Analysis by Quilter indicates that the proportion of parents investing in the stock market when setting money aside on behalf of children has dropped dramatically since the switch from Child Trust Funds (CTF) to Junior ISAs (JISA).Quilter’s analysis shows that CTFs were more than twice as likely to be invested in the stock market.

Since their introduction, less than a third of payments into JISA accounts have been into stocks and shares, with most accounts held in cash.

In contrast, around 83 per cent of CTFs are held in stocks and shares, offering potential for stronger long-term growth prospects than cash savings.

Before CTFs were discontinued for newborn children, a total of 50 per cent of all accounts were opened by parents in ‘Stakeholder’ investments.

A further 28 per cent were allocated to investment accounts by HMRC, with 4 per cent of parents choosing to invest through non-stakeholder investment products.

Just 17 per cent of parents chose to open a cash account.

Quilter is today warning that the drop in investment rates risks young people not obtaining the best possible return on money set aside for them.

Rachael Griffin, financial planning expert at Quilter, says:

“This significant fall in investment rates in young people’s savings can be explained by a variety of factors.

“Providers of CTFs were required to offer a stocks and shares option alongside a cash offering.

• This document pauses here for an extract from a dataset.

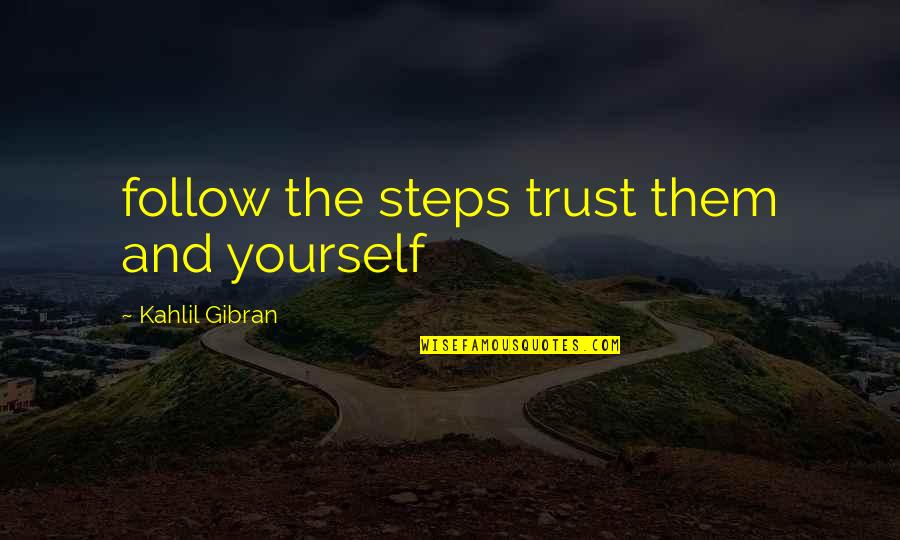 Cheesemans Quotes By Kahlil Gibran: follow the steps trust them and yourself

In addition, parents were nudged toward long-term investing by literature and tips supplied by government.

“Finally, where CTF vouchers were not allocated by parents, they were automatically put into investment accounts by HMRC. These were known as Revenue Allocated Accounts (RAAA) but even when their impact is excluded, we can still see that over half (54 per cent) of parents actively chose an investment account.

“Parents opening a CTF were guided toward stocks and shares by government advice that markets could normally be expected to outperform cash over the long-term. Research shows savings and investment plans for children tend to be opened in the early years of their life and the nature of CTFs and JISAs also means that we can be sure the money is locked-up until at least age 18, so they will normally be a long-term investment. 

“The nudge toward long-term investing was powerful with CTFs, but that seems to have waned with JISAs. Government, schools and families should look at promoting long-term investment benefits to young people, especially in such a low interest rate environment where returns on cash are weak.”